14 Ekim 2012 11:50 | 2553 kez okundu
İkinci Dünya Savaşı, 1 Eylül 1939 günü Nazilerin Polonya’yı işgaliyle başladı. Ardında 52 milyon ölü, milyonlarca yaralı, sakat ve harabeye dönmüş kentler ile acı ve gözyaşı bıraktı. İnsanlık tarihinin bu en acımasız, en kanlı ve en kirli savaşının başladığı gün, yani 1 Eylül, Dünya Barış Günü olarak kabul edildi.

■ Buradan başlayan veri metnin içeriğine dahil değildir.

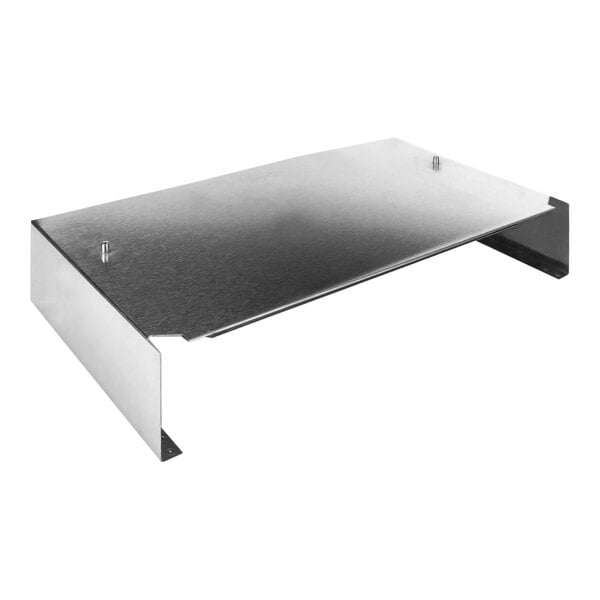 A Frymaster metal fluecap shelf with screws.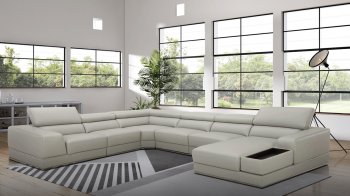 1576 Sectional Sofa in Gray Leather by ESF [EFSS-1576 Gray]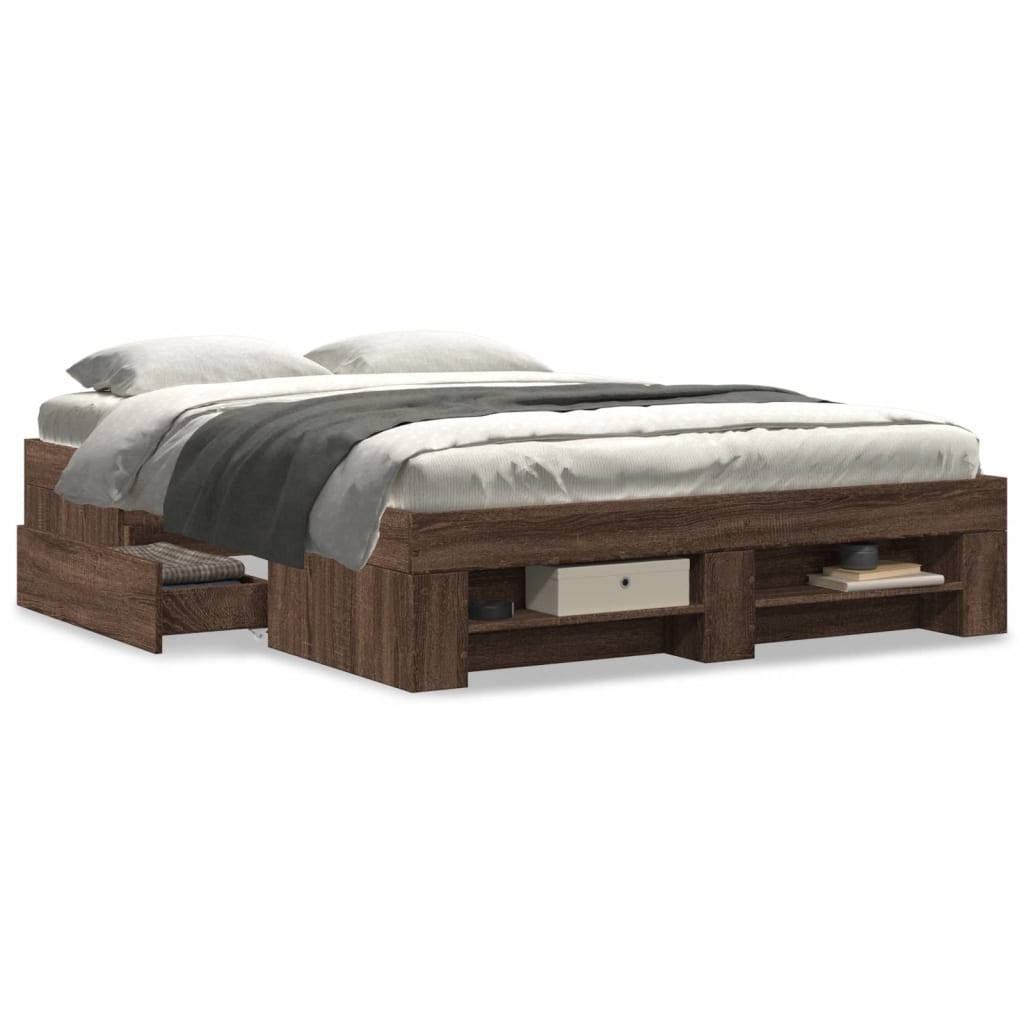 Cadre de lit sans matelas chêne marron 140x190 cm - XIOS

Günümüzde, küresel emperyalizm kuşatma ve yok etme atağını, etki alanını genişleterek sürdürmektedir. Sonu getirilemeyen çatışmalar, terör ve şiddet, dünyanın birçok noktasında insanlığın geleceğini tehdit etmektedir. Küreselleşme dünya uluslarına; barış, adalet, kardeşlik, özgürlük değil, aksine daha fazla yoksulluk, daha fazla işsizlik, daha fazla açlık ve daha fazla savaş getirmiştir. Küreselleşme, Irak’tan Filistin’e, Afganistan’dan Libya ve Suriye’ye kadar insan ve yaşam karşıtı eylemlerini sürdürmektedir.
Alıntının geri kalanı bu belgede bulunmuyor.